**EXCERPTED RECORDS**:
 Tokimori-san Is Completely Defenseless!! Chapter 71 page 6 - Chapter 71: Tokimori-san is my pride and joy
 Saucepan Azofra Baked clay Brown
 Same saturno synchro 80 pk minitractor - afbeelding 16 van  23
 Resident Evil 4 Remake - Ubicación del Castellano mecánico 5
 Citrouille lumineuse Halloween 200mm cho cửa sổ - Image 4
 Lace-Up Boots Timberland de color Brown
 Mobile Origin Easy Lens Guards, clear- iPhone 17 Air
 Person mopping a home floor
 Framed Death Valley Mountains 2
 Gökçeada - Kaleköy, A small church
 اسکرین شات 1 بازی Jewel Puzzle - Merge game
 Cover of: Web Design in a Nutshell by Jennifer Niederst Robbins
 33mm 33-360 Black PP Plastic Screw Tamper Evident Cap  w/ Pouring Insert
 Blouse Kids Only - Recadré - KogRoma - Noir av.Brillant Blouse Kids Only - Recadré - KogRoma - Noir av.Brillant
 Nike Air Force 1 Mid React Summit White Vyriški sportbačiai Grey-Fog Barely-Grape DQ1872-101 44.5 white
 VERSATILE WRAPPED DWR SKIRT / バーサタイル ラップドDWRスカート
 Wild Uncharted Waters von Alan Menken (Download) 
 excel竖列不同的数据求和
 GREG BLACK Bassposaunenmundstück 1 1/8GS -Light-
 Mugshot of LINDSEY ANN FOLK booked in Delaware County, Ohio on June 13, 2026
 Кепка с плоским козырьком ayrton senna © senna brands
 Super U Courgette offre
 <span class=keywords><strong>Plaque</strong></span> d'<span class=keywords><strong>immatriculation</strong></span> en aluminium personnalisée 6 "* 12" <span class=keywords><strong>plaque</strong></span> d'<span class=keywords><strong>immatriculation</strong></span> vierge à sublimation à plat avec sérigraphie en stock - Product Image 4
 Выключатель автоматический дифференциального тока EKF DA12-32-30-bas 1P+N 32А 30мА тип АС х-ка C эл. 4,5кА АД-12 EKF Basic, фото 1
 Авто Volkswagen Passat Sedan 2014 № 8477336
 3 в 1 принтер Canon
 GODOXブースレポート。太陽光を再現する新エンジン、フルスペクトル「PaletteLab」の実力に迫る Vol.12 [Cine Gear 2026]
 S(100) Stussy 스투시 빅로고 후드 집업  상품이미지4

**ACTION ITEM**: Among the entries above, how many lines hold the word "Brown"? Reply with only that number.

**SOLUTION**: 2